Exercise instructions
Your answer should be the lines below from the one with "Season's Greetings Display" to the one with "NPZ Design Men's", both included, given again exactly and with nothing added.

[Data entries]
╭──

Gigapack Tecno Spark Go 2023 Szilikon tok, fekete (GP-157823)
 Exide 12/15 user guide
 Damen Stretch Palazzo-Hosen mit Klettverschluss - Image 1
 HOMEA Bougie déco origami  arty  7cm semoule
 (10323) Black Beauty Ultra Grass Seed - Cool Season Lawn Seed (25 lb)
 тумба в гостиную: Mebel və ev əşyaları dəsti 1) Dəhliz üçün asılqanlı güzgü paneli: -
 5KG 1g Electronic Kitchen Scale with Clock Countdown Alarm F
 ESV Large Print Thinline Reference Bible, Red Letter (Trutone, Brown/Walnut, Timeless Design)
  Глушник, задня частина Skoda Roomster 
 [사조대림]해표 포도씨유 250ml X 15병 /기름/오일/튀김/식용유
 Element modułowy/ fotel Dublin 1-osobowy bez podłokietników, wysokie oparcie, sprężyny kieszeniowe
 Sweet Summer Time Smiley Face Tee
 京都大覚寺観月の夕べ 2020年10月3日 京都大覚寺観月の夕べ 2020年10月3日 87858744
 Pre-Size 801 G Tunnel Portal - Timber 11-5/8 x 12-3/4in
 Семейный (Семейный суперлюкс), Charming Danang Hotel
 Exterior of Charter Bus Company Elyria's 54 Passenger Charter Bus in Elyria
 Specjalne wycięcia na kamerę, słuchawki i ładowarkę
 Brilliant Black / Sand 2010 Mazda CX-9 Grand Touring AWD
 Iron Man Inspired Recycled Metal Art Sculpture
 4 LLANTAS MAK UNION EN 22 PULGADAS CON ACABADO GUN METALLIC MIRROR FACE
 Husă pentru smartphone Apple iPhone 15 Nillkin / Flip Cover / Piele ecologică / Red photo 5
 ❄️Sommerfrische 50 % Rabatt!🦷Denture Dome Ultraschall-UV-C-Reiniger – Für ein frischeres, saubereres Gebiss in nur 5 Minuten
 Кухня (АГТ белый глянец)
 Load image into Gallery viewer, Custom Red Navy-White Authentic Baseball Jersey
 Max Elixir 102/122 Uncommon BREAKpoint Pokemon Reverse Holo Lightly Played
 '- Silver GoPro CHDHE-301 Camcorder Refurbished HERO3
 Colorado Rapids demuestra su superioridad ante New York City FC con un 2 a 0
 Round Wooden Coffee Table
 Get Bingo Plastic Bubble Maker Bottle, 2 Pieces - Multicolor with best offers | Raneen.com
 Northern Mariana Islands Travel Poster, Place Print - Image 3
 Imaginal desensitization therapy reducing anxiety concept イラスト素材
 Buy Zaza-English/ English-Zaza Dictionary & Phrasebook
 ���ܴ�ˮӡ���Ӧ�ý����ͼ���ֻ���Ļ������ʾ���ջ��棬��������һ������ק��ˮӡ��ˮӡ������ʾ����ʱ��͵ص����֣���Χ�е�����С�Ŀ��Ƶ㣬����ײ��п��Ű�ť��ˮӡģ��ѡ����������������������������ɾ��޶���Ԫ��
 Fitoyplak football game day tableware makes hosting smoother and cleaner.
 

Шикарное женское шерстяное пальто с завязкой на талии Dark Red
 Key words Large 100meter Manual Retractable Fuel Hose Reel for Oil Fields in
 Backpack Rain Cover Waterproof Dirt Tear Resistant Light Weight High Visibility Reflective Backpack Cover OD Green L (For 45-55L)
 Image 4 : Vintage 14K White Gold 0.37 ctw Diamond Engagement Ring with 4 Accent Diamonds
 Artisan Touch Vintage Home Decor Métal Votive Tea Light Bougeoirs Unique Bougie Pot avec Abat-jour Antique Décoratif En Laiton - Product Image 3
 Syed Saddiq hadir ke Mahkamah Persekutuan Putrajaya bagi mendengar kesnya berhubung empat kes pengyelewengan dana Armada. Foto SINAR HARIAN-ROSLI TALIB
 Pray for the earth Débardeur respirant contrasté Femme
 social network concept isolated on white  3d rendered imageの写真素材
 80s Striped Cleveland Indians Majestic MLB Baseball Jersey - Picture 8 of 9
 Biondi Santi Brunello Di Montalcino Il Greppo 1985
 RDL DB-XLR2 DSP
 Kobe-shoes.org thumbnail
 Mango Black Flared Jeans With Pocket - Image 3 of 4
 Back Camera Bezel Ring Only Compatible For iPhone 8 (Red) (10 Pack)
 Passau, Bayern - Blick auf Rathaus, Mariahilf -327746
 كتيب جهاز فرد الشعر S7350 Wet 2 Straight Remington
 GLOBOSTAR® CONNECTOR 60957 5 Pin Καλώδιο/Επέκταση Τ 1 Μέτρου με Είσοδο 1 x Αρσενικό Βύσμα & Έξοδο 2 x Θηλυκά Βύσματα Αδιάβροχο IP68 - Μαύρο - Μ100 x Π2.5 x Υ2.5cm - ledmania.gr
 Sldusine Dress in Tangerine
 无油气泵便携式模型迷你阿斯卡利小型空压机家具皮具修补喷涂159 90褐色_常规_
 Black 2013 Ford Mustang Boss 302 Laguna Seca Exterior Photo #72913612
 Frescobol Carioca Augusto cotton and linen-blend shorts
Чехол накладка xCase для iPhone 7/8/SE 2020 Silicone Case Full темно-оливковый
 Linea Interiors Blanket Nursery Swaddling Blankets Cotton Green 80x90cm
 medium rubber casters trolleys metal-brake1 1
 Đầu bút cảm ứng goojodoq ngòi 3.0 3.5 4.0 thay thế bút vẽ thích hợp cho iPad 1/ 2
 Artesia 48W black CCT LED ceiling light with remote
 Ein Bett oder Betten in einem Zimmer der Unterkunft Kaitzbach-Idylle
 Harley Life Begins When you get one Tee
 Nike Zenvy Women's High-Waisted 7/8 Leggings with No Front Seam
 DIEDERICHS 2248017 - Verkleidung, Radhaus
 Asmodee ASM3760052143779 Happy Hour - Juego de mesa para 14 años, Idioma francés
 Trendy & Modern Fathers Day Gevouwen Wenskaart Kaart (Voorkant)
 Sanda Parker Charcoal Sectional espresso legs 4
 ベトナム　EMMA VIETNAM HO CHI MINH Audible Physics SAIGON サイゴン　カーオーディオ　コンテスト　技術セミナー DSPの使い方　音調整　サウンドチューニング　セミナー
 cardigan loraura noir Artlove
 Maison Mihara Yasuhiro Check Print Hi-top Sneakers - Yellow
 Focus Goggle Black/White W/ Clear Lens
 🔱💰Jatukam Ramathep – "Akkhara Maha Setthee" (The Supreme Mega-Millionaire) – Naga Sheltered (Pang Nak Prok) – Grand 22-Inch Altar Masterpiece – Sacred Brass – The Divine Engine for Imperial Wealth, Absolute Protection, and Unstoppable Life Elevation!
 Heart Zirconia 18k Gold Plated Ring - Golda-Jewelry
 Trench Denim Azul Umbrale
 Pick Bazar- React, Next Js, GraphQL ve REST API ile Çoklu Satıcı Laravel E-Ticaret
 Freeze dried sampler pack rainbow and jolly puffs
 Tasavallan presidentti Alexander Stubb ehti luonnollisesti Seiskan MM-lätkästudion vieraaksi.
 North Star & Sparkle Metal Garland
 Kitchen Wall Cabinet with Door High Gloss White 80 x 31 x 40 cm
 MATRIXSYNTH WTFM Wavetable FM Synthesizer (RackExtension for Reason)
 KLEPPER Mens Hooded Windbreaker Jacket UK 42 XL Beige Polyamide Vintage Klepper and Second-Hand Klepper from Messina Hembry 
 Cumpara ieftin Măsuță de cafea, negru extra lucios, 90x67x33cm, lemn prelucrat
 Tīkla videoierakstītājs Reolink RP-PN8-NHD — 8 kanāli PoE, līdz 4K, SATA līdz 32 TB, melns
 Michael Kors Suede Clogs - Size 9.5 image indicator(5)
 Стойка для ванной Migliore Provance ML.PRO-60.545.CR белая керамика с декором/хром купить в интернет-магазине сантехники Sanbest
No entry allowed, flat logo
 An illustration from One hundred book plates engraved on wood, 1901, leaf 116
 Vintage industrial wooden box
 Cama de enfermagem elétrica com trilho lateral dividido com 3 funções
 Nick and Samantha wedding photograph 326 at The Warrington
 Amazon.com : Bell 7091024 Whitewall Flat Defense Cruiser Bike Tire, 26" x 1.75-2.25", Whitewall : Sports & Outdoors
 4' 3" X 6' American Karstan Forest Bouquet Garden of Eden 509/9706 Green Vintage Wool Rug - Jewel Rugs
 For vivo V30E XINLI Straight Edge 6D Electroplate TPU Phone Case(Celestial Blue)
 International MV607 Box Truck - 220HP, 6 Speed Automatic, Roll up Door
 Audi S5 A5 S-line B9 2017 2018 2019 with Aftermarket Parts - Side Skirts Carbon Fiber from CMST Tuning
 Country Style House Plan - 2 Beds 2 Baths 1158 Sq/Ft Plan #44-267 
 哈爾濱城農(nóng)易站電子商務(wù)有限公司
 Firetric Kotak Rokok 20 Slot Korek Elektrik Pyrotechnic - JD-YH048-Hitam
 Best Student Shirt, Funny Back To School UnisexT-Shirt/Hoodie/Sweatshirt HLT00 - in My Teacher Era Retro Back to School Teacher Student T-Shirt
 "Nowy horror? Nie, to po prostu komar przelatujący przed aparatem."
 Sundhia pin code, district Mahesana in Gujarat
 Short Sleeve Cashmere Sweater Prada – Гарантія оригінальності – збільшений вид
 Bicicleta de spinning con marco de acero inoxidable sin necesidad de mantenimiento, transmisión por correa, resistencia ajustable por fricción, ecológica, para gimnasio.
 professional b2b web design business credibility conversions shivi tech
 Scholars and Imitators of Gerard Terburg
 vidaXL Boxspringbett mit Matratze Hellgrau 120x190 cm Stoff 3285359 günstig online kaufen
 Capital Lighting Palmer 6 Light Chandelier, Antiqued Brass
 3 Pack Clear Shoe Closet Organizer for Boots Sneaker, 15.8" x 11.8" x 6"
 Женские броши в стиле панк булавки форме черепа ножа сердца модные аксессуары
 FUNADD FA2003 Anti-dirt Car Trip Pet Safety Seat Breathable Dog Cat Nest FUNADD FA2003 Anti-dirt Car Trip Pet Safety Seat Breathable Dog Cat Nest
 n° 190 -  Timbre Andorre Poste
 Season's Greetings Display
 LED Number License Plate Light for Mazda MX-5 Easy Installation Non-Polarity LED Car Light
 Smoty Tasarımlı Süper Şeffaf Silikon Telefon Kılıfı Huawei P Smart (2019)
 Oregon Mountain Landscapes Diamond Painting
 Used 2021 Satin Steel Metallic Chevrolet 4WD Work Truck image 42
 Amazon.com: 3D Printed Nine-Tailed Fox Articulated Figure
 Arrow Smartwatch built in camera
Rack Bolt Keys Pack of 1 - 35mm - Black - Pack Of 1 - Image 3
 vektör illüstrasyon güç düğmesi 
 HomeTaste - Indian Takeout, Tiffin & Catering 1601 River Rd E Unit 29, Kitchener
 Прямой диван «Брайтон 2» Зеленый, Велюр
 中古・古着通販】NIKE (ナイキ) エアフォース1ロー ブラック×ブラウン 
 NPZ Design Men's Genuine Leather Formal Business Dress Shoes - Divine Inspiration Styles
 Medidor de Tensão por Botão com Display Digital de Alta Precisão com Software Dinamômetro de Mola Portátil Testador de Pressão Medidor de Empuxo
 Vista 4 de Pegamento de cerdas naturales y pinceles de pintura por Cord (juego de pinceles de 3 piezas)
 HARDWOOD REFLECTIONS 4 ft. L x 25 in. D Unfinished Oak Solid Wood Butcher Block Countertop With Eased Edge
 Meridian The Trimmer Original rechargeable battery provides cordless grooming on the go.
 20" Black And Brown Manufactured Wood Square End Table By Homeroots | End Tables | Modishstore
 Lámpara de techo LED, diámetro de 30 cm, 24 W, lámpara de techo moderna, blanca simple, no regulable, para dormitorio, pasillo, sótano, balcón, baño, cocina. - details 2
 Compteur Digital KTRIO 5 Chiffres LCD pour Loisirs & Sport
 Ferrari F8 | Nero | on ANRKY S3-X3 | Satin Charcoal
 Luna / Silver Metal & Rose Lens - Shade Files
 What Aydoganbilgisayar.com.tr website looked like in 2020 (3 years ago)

╰──

Exercise response
 Season's Greetings Display
 LED Number License Plate Light for Mazda MX-5 Easy Installation Non-Polarity LED Car Light
 Smoty Tasarımlı Süper Şeffaf Silikon Telefon Kılıfı Huawei P Smart (2019)
 Oregon Mountain Landscapes Diamond Painting
 Used 2021 Satin Steel Metallic Chevrolet 4WD Work Truck image 42
 Amazon.com: 3D Printed Nine-Tailed Fox Articulated Figure
 Arrow Smartwatch built in camera
Rack Bolt Keys Pack of 1 - 35mm - Black - Pack Of 1 - Image 3
 vektör illüstrasyon güç düğmesi 
 HomeTaste - Indian Takeout, Tiffin & Catering 1601 River Rd E Unit 29, Kitchener
 Прямой диван «Брайтон 2» Зеленый, Велюр
 中古・古着通販】NIKE (ナイキ) エアフォース1ロー ブラック×ブラウン 
 NPZ Design Men's Genuine Leather Formal Business Dress Shoes - Divine Inspiration Styles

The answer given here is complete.